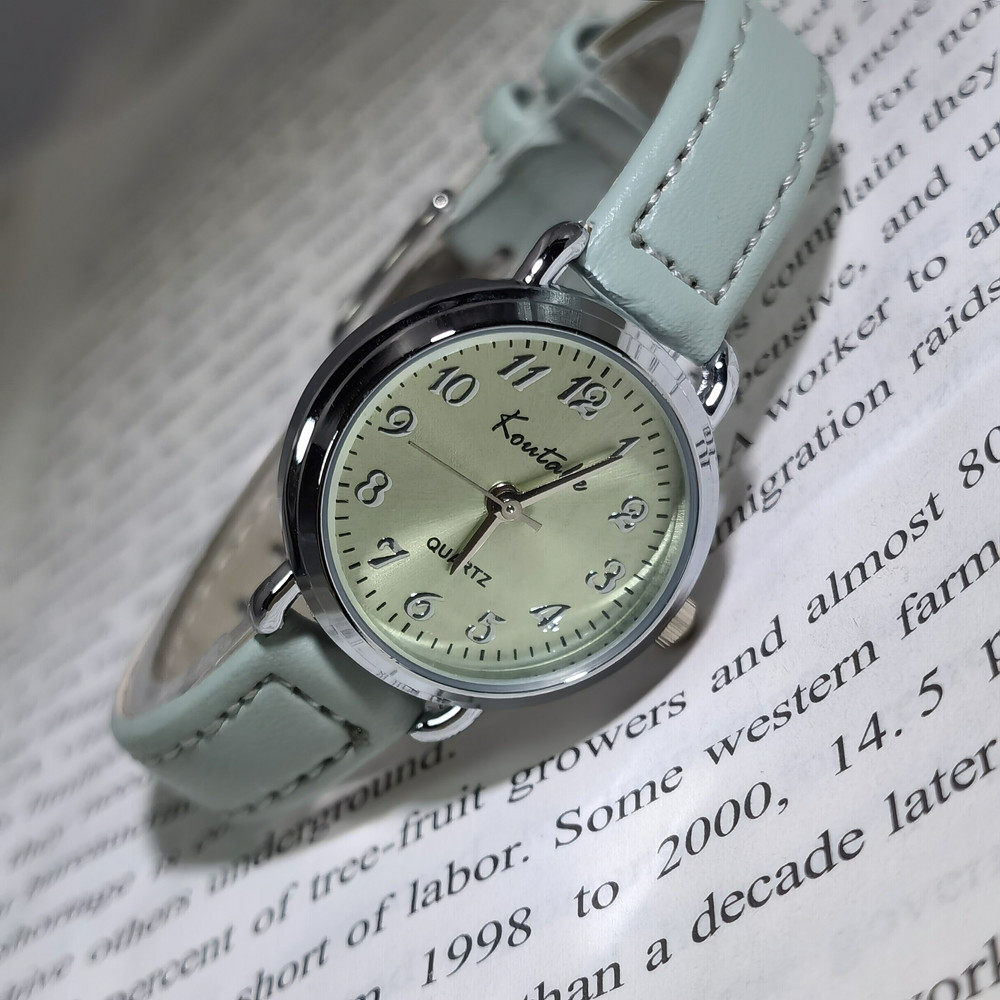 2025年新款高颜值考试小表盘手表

.....

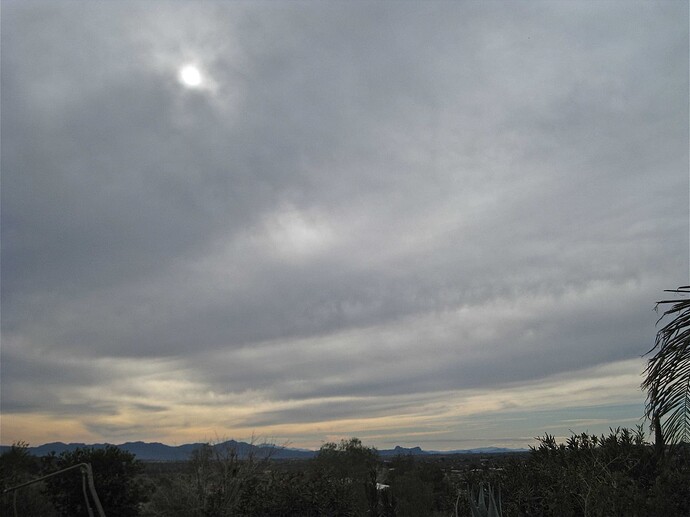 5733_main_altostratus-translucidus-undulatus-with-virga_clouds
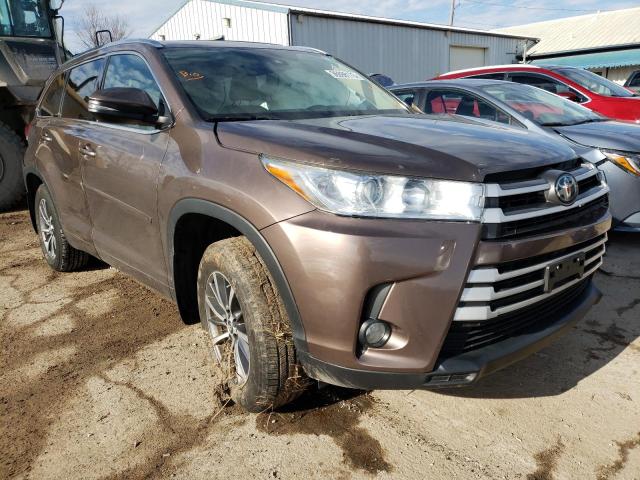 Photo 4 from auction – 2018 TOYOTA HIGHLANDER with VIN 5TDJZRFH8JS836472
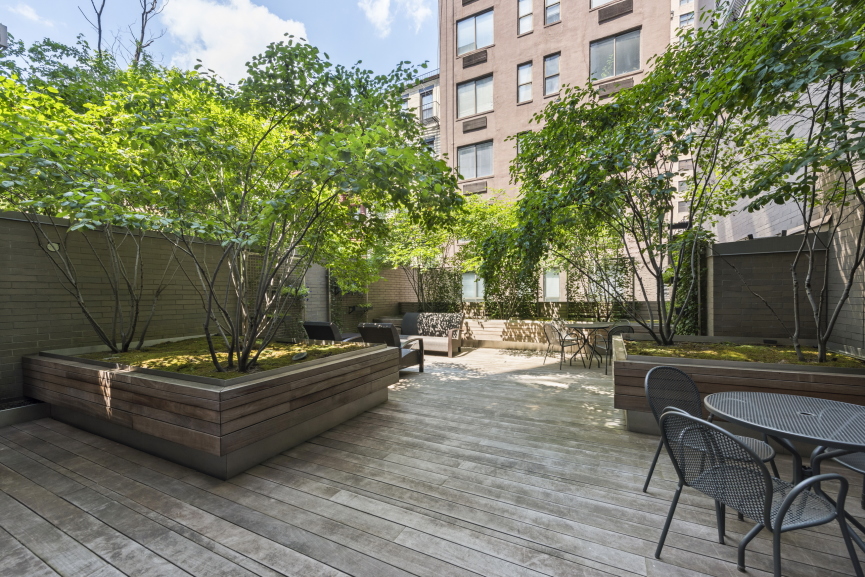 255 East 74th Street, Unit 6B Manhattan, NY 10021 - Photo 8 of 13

.....

Work task:
Write out again exactly the lines above from the one with "5733_main_altostratus-translucidus-undulatus-with-virga_clouds" through the one with "255 East 74th", adding no other lines and no pictures.

Answer section:
 5733_main_altostratus-translucidus-undulatus-with-virga_clouds
 Photo 4 from auction – 2018 TOYOTA HIGHLANDER with VIN 5TDJZRFH8JS836472
 255 East 74th Street, Unit 6B Manhattan, NY 10021 - Photo 8 of 13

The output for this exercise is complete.